The raising of a helicopter that crashed into the sea last week near Barentsburg has been delayed until at least late Friday night or Saturday in order to ensure no bodies are in the immediate vicinity of the crash site, according to The Governor of Svalbard.
Meanwhile, a lifejacket was found Friday about 90 meters from the wreckage, a “piloting error” was cited as the preliminary cause of the crash and questions were raised about whether the flight carrying scientific researchers was legally authorized.
Norwegian and Russian emergency workers are working to resolve technical issues related to raising the helicopter intact from the crash site 209 meters below the surface, Russia’s Ministry of Emergency Situations reported Friday afternoon. Also, while Russian media reports stated Thursday no bodies were found in the cabin, workers are verifying the aircraft is unoccupied and no other bodies are in areas that will be affected by the lifting operation.
“A specialist from the Russian helicopter manufacturer will be there to make recommendations for the lift, to ensure that the wreckage is not damaged,” the Norwegian Civil Aviation Commission wrote in a prepared statement.
The lifting will be done by the Maersk Forza, a specialized ship brought up from the mainland for the purpose. Officials originally estimated the lifting could begin as early as Wednesday, but preparation and analysis of the area has resulted in delays – with officials emphasizing doing the job properly is more important than doing it quickly.

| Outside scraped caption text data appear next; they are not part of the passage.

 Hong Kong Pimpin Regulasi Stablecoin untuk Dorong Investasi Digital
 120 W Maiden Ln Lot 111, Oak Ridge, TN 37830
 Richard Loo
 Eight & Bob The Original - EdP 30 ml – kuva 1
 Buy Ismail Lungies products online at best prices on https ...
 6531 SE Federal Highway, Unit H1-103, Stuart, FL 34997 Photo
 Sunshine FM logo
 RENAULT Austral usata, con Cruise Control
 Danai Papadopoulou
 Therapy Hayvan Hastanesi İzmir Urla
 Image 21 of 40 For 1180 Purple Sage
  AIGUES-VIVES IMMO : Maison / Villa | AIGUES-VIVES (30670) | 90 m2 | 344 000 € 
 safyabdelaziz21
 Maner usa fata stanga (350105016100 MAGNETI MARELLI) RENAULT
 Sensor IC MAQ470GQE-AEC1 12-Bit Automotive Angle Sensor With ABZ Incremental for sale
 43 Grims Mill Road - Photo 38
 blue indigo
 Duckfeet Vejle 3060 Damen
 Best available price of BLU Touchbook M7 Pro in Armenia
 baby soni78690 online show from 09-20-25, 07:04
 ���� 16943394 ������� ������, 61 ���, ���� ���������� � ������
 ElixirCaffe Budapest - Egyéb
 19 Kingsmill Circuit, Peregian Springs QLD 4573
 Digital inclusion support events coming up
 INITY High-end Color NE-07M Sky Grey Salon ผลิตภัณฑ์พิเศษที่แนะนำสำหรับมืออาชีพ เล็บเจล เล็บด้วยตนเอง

The helicopter crashed about two kilometers northeast of the Barentsburg heliport last Thursday afternoon. The body of one of the eight people aboard was found Monday about 130 meters from the crash site and a lifejacket – which may or may not be related to the crash – was located Friday about 90 meters from the wreckage.
Witnesses said they heard the helicopter approaching Barentsburg just before the aircraft lost communication with Svalbard Airport without sending a distress signal. The Russia news agency TASS reported Friday that “the preliminary cause of the emergency is being called a piloting error.”
The helicopter was carrying five Russian crew members and three Russian researchers conducting hydrology research in Pyramiden. But Svalbardposten reported Friday that Trust Arktikugol, the Russian state-owned company responsible for management Svalbard’s Russian settlements, may not have been authorized to transport the researchers aboard the helicopter.
A permit issued by Norway’s Civil Aviation Authority to Convers Avia Airline, a subcontractor of Trust Arktikugol, is “explicit that they only have permission for local flights for passengers and goods in connection with Trust Arktikugol’s coal mining operations in Svalbard,” the newspaper reported. “The permit also includes non-commercial flights to Longyearbyen’s airport.”
An aviation authority spokesperson and Svalbard Gov. Kjerstin Askholt told Svalbardposten they cannot say at this time if the flight violated the terms of the permit.